NumPy scalars try to mimic zero-dimensional arrays with a fixed datatype.
For the numerical (and unicode) datatypes, they are further limited to
native byte order.


Current Implementation of Casting
^^^^^^^^^^^^^^^^^^^^^^^^^^^^^^^^^

One of the main features which datatypes need to support is casting between one
another using ``arr.astype(new_dtype, casting="unsafe")``, or during execution
of ufuncs with different types (such as adding integer and floating point numbers).

Casting tables determine whether it is possible to cast from one specific type to another.
However, generic casting rules cannot handle the parametric dtypes such as strings.
The logic for parametric datatypes is defined mainly in ``PyArray_CanCastTo``
and currently cannot be customized for user defined datatypes.

The actual casting has two distinct parts:

1. ``copyswap``/``copyswapn`` are defined for each dtype and can handle
   byte-swapping for non-native byte orders as well as unaligned memory.
2. The generic casting code is provided by C functions which know how to
   cast aligned and contiguous memory from one dtype to another
   (both in native byte order).
   These C-level functions can be registered to cast aligned and contiguous memory
   from one dtype to another.
   The function may be provided with both arrays (although the parameter
   is sometimes ``NULL`` for scalars).
   NumPy will ensure that these functions receive native byte order input.
   The current implementation stores the functions either in a C-array
   on the datatype which is cast, or in a dictionary when casting to a user
   defined datatype.

Generally NumPy will thus perform casting as chain of the three functions
``in_copyswapn -> castfunc -> out_copyswapn`` using (small) buffers between
these steps.

The above multiple functions are wrapped into a single function (with metadata)
that handles the cast and is used for example during the buffered iteration used
by ufuncs.
This is the mechanism that is always used for user defined datatypes.
For most dtypes defined within NumPy itself, more specialized code is used to
find a function to do the actual cast
(defined by the private ``PyArray_GetDTypeTransferFunction``).
This mechanism replaces most of the above mechanism and provides much faster
casts for example when the inputs are not contiguous in memory.
However, it cannot be extended by user defined datatypes.

Related to casting, we currently have a ``PyArray_EquivTypes`` function which
indicate that a *view* is sufficient (and thus no cast is necessary).
This function is used multiple places and should probably be part of
a redesigned casting API.


DType handling in Universal functions
^^^^^^^^^^^^^^^^^^^^^^^^^^^^^^^^^^^^^

Universal functions are implemented as instances of the ``numpy.UFunc`` class
with an ordered-list of datatype-specific
(based on the dtype typecode character, not datatype instances) implementations,
each with a signature and a function pointer.
This list of implementations can be seen with ``ufunc.types`` where
all implementations are listed with their C-style typecode signatures.
For example::

    >>> np.add.types
    [...,
     'll->l',
     ...,
     'dd->d',
     ...]

Each of these signatures is associated with a single inner-loop function defined
in C, which does the actual calculation, and may be called multiple times.

The main step in finding the correct inner-loop function is to call a
:c:type:`PyUFunc_TypeResolutionFunc` which retrieves the input dtypes from
the provided input arrays
and will determine the full type signature (including output dtype) to be executed.

By default the ``TypeResolver`` is implemented by searching all of the implementations
listed in ``ufunc.types`` in order and stopping if all inputs can be safely
cast to fit the signature.
This means that if long (``l``) and double (``d``) arrays are added,
numpy will find that the ``'dd->d'`` definition works
(long can safely cast to double) and uses that.

In some cases this is not desirable.
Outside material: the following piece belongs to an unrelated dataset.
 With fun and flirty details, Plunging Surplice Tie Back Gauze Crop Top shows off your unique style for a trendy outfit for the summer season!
For example the ``np.isnat`` universal
function has a ``TypeResolver`` which rejects integer inputs instead of
allowing them to be cast to float.
In principle, downstream projects can currently use their own non-default
``TypeResolver``, since the corresponding C-structure necessary to do this
is public.
The only project known to do this is Astropy, which is willing to switch to
a new API if NumPy were to remove the possibility to replace the TypeResolver.

For user defined datatypes, the dispatching logic is similar,
although separately implemented and limited (see discussion below).


Issues and Discussion
"""""""""""""""""""""

It is currently only possible for user defined functions to be found/resolved
if any of the inputs (or the outputs) has the user datatype, since it uses the
`OO->O` signature.
For example, given that a ufunc loop to implement ``fraction_divide(int, int)
-> Fraction`` has been implemented,
the call ``fraction_divide(4, 5)`` (with no specific output dtype) will fail
because the loop that
includes the user datatype ``Fraction`` (as output) can only be found if any of
the inputs is already a ``Fraction``.
``fraction_divide(4, 5, dtype=Fraction)`` can be made to work, but is inconvenient.
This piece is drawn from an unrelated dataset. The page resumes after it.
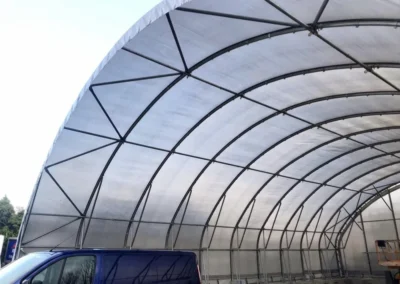14m wide large span industrial shelter showing clear span steel frame and high internal working space.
Typically, dispatching is done by finding the first loop that matches. A match
is defined as: all inputs (and possibly outputs) can
be cast safely to the signature typechars (see also the current implementation
section).
However, in some cases safe casting is problematic and thus explicitly not
allowed.
For example the ``np.isnat`` function is currently only defined for
datetime and timedelta,
even though integers are defined to be safely castable to timedelta.
If this was not the case, calling
``np.isnat(np.array("NaT", "timedelta64").astype("int64"))`` would currently
return true, although the integer input array has no notion of "not a time".
If a universal function, such as most functions in ``scipy.special``, is only
defined for ``float32`` and ``float64`` it will currently automatically
cast a ``float16`` silently to ``float32`` (similarly for any integer input).
This ensures successful execution, but may lead to a change in the output dtype
when support for new data types is added to a ufunc.
When a ``float16`` loop is added, the output datatype will currently change
from ``float32`` to ``float16`` without a warning.

In general the order in which loops are registered is important.
However, this is only reliable if all loops are added when the ufunc is first defined.
Additional loops added when a new user datatypes is imported
must not be sensitive to the order in which imports occur.
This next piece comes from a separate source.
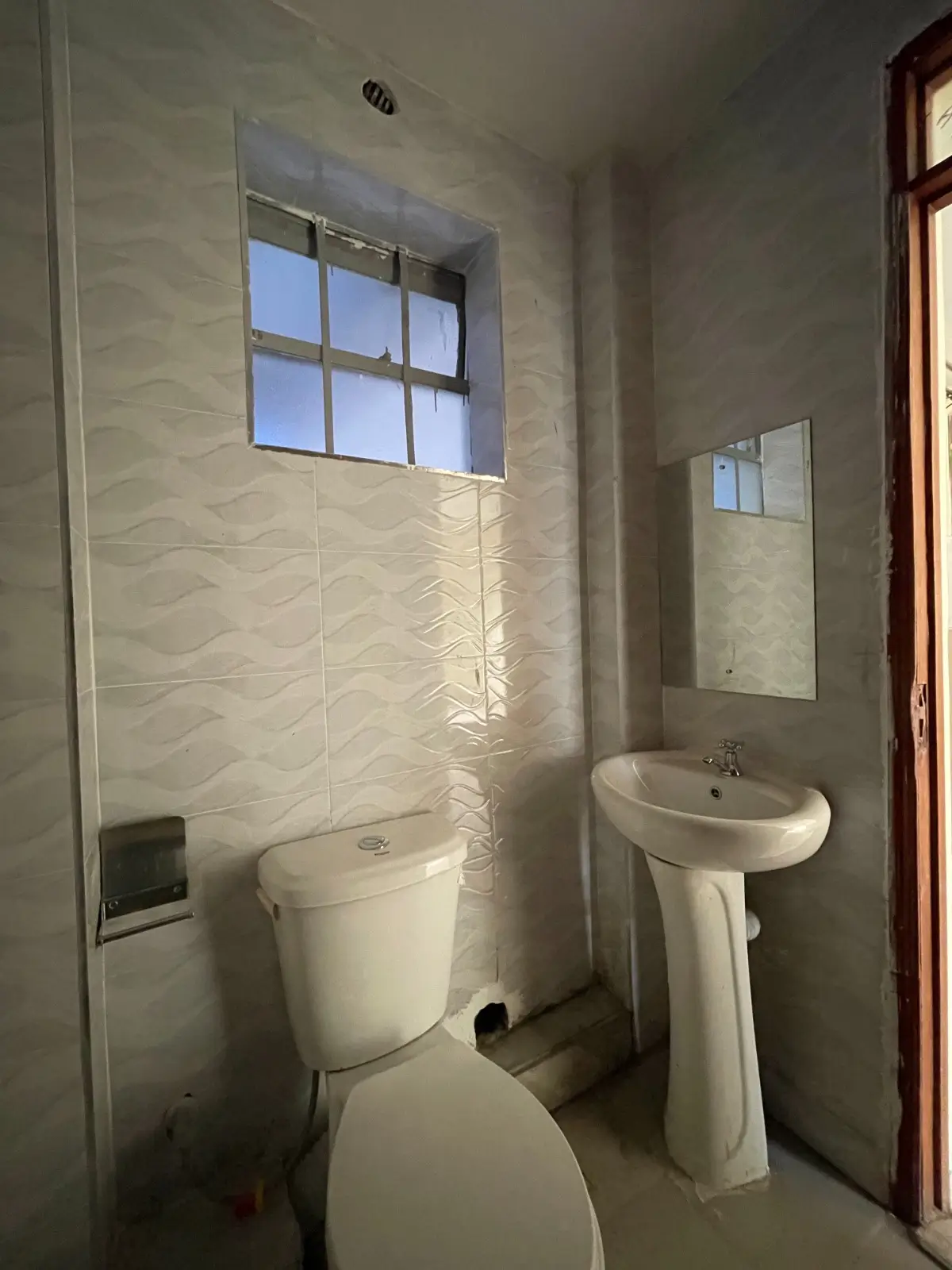 Bright bathroom with toilet, pedestal sink, tiled walls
There are two main approaches to better define the type resolution for user
defined types:

1. Allow for user dtypes to directly influence the loop selection.
   For example they may provide a function which return/select a loop
   when there is no exact matching loop available.
2. Define a total ordering of all implementations/loops, probably based on
   "safe casting" semantics, or semantics similar to that.

While option 2 may be less complex to reason about it remains to be seen
whether it is sufficient for all (or most) use cases.


Adjustment of Parametric output DTypes in UFuncs
^^^^^^^^^^^^^^^^^^^^^^^^^^^^^^^^^^^^^^^^^^^^^^^^

A second step necessary for parametric dtypes is currently performed within
the ``TypeResolver``:
the datetime and timedelta datatypes have to decide on the correct parameter
for the operation and output array.
This step also needs to double check that all casts can be performed safely,
which by default means that they are "same kind" casts.

Issues and Discussion
"""""""""""""""""""""

Fixing the correct output dtype is currently part of the type resolution.
However, it is a distinct step and should probably be handled as such after
the actual type/loop resolution has occurred.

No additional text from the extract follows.